De acordo com o TST, a profissional contratada em 1982 foi desligada em março de 2016, aos 59 anos, durante uma reestruturação que levou à dispensa de diversos trabalhadores.
Segundo a engenheira, a empresa tentou disfarçar o critério utilizado, mas, na prática, apenas empregados com idade próxima à aposentadoria foram incluídos.
Já a CEEE argumentou que a decisão tinha o objetivo de minimizar o impacto social, priorizando a dispensa de quem já teria direito a outro benefício, como a aposentadoria .
A companhia também afirmou que a medida estava relacionada à necessidade de ajuste técnico-financeiro e às novas diretrizes da Agência Nacional de Energia Elétrica ( Aneel ).
Em março de 2021, o Grupo Equatorial Energia arrematou a CEEE em leilão, encerrando a gestão estatal da companhia após anos de disputa judicial.
Primeiras decisões foram favoráveis à empresa
O pedido foi rejeitado na primeira instância, e a sentença foi mantida pelo Tribunal Regional do Trabalho da 4ª Região (TRT) .
Para os desembargadores, não houve discriminação direta, pois o critério adotado considerava a existência de outra fonte de renda, e não a idade em si.

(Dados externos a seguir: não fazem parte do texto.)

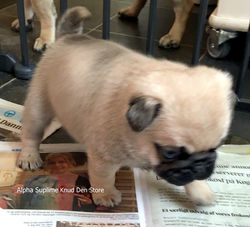 Alpha Suplime Knud Den Store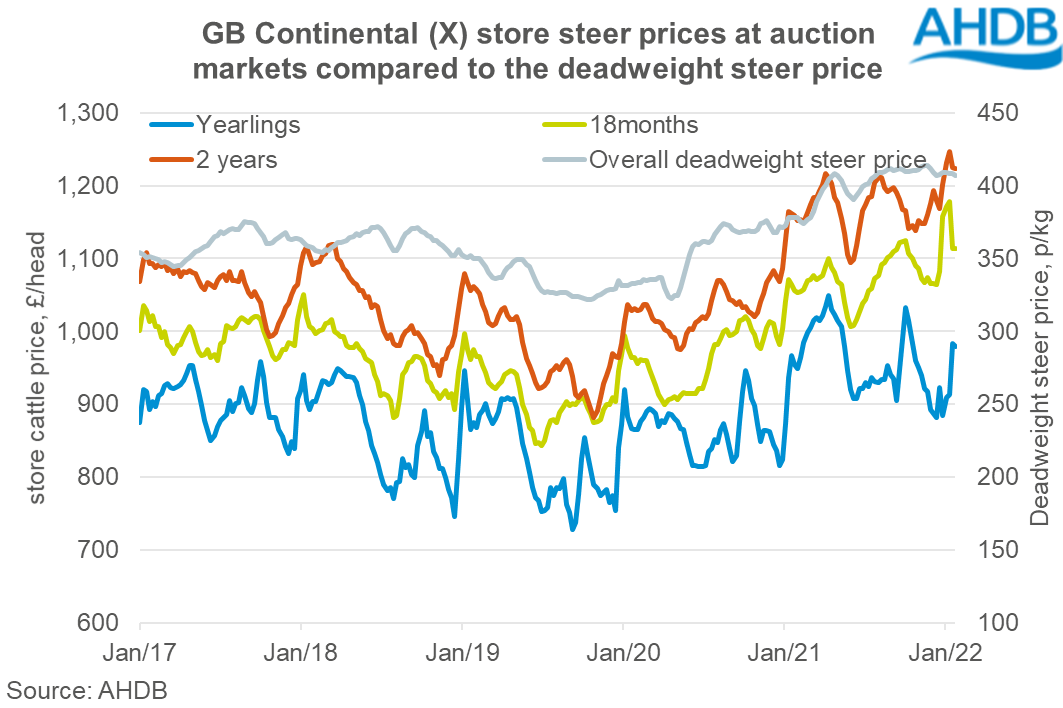 Chart showing growth of store cattle prices and finished cattle prices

O TRT entendeu que a empresa teria autonomia para gerir seu quadro funcional como bem quisesse.
TST considera dispensa discriminatória
Ao analisar o recurso, o ministro Alberto Balazeiro, relator do recurso no TST, considerou que a demissão teve caráter discriminatório por estar associada à idade, ainda que de forma indireta, e, portanto, deveria ser anulada .
Ele destacou que “o poder diretivo empresarial não pode se sobrepor aos direitos constitucionais do trabalhador” e alertou que tal prerrogativa não deve ser distorcida a ponto de comprometer o direito ao trabalho digno.
Balazeiro reforçou que a conduta da empresa fere a legislação brasileira e tratados internacionais, por violar o princípio da igualdade material, que garante o acesso ao mercado de trabalho sem restrições que atentem contra direitos fundamentais.
Com base nesse entendimento, o colegiado determinou que a empresa indenize a engenheira com valor equivalente ao dobro da remuneração, referente ao período entre a dispensa e a decisão judicial.
Em nota oficial enviada ao Portal iG, a CPFL diz que: “A empresa esclarece que adquiriu a CEEE-T por meio de leilão em 2021, posteriormente ao caso mencionado. Informa ainda que não compactua com atitudes discriminatórias de qualquer natureza, que não comenta assuntos judiciais e adotará eventuais providências no Judiciário”.